WHAT YOU NEED TO DO:
Every line of the records below that has the word "show" should be copied.
** Opening RECORDS FOR PROCESSING block **
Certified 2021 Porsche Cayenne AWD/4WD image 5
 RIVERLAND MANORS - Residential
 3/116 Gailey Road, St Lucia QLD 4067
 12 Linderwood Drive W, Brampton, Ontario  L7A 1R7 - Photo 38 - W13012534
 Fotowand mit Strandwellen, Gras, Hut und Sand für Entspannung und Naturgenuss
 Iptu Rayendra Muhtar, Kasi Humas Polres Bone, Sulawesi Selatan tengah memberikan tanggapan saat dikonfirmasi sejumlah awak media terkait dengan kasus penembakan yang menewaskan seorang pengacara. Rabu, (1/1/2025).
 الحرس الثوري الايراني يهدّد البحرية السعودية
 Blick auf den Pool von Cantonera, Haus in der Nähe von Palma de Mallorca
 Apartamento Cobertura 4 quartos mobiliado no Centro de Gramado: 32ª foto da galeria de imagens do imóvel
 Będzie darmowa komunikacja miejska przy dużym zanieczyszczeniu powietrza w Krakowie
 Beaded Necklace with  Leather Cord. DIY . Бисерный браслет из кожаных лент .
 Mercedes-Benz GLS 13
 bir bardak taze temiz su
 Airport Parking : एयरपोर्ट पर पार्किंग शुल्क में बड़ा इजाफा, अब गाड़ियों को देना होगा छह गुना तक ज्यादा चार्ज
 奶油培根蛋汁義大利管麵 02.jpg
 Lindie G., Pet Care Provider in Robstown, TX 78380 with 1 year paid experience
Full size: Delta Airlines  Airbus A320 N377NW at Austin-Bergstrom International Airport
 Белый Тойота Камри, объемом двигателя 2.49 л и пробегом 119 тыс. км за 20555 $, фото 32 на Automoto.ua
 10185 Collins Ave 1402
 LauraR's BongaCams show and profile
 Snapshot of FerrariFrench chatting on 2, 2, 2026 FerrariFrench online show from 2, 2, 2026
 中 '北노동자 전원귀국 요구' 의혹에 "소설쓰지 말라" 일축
** Closing RECORDS FOR PROCESSING block **
TASK RESPONSE:
 LauraR's BongaCams show and profile
 Snapshot of FerrariFrench chatting on 2, 2, 2026 FerrariFrench online show from 2, 2, 2026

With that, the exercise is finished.